● **TASK OBJECTIVE**:
In the records that follow, skip the pictures and print everything else exactly.
-- DATA EXTRACTS follows --
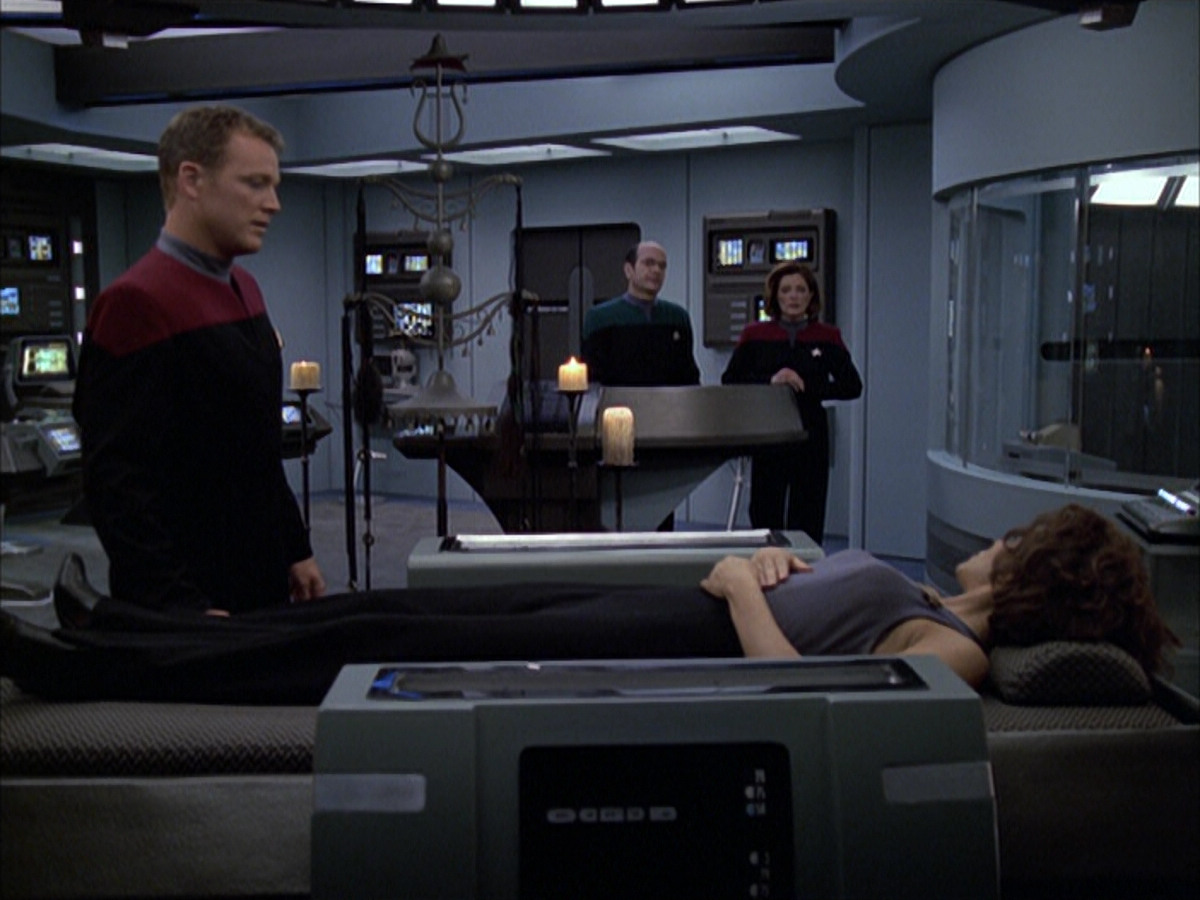 extant_StarTrek_VOY_6x03-BargeOfTheDead_02391.jpg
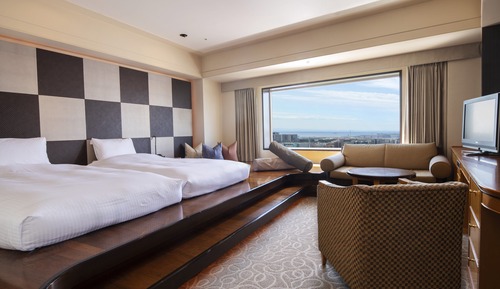 Superior Room - Upper Floor with City View - Non-Smoking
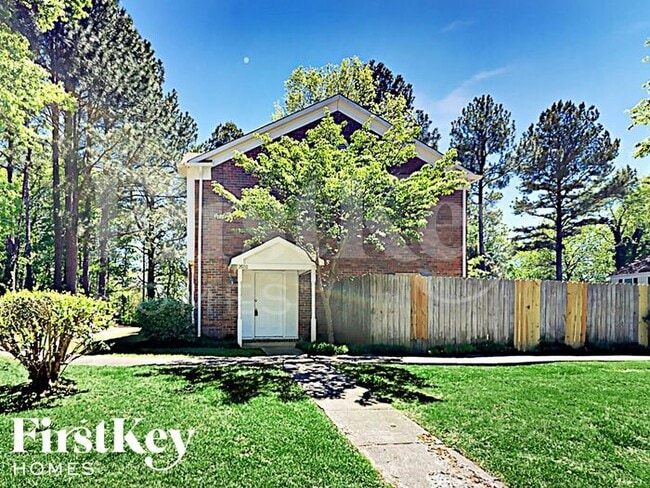 Building Photo - 2600 Stratford Ln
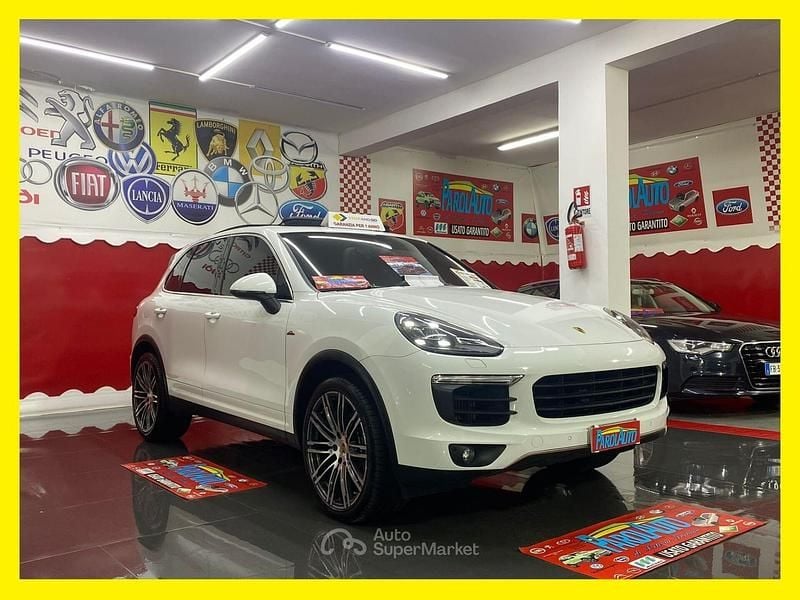 Usata Porsche Cayenne 250 CV (183 kW) 2016 Bianco SUV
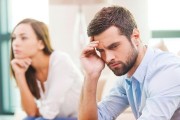 男女分手后的心态剖析（从不同角度解读男女分手后的内心世界）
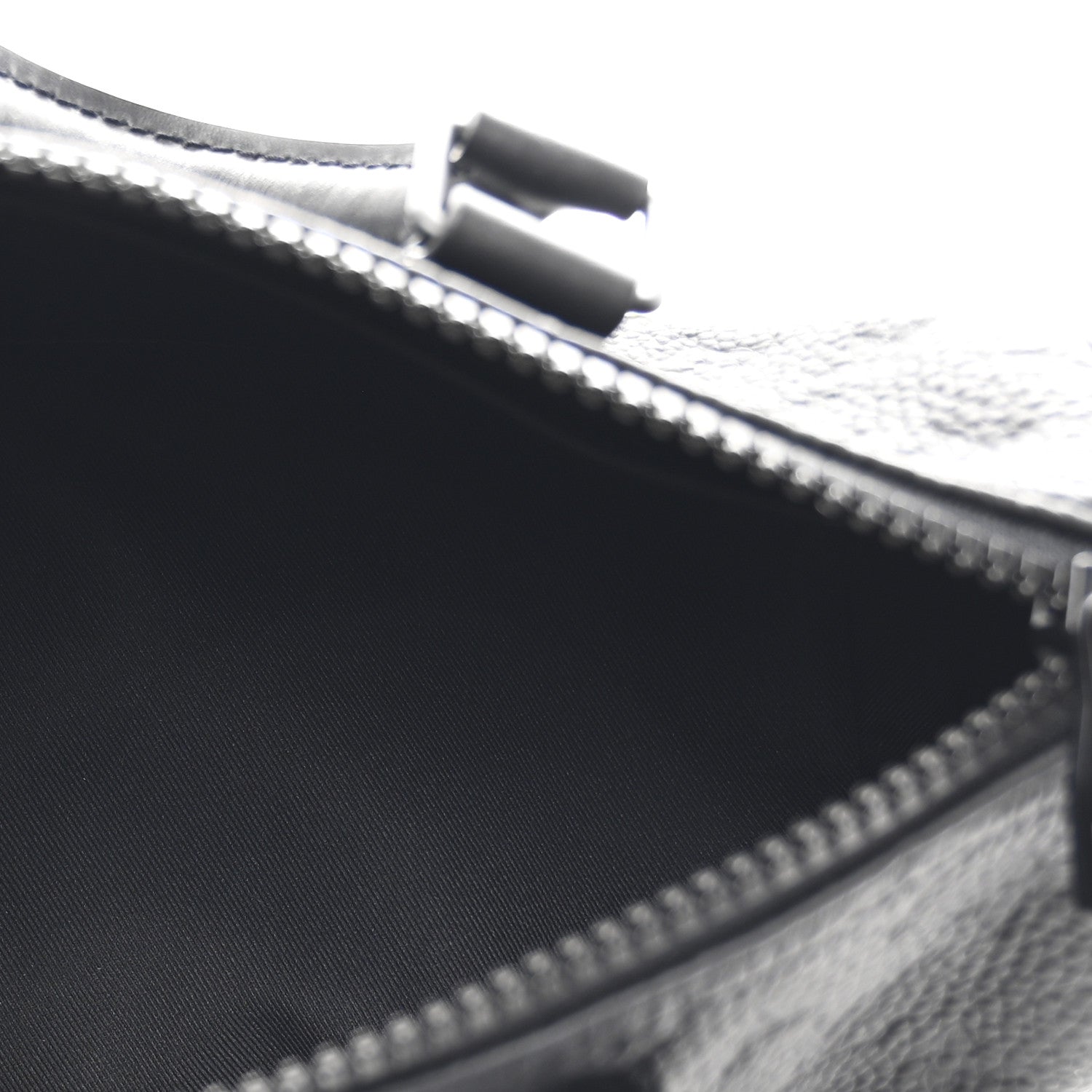 Monogram Taurillon Keepall Bandouliere 25 Black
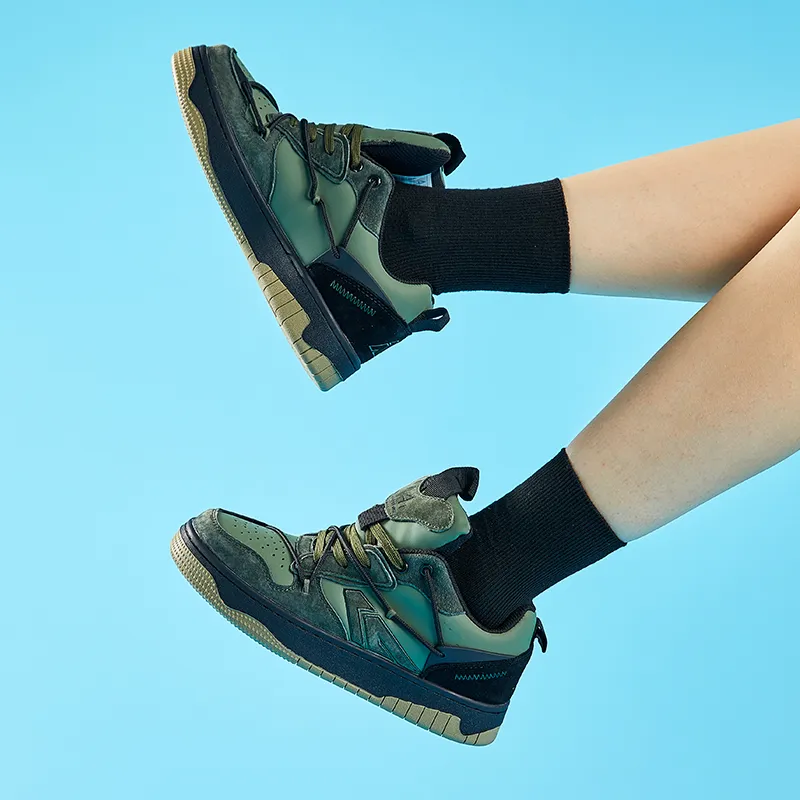 A1 Wear-Resistant Height Increasing Low-Top Puffy Skateboard Shoes Unisex-76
-- DATA EXTRACTS concluded --
● **RESPONSE TO THIS TASK**:
 extant_StarTrek_VOY_6x03-BargeOfTheDead_02391.jpg
 Superior Room - Upper Floor with City View - Non-Smoking
 Building Photo - 2600 Stratford Ln
 Usata Porsche Cayenne 250 CV (183 kW) 2016 Bianco SUV
 男女分手后的心态剖析（从不同角度解读男女分手后的内心世界）
 Monogram Taurillon Keepall Bandouliere 25 Black
 A1 Wear-Resistant Height Increasing Low-Top Puffy Skateboard Shoes Unisex-76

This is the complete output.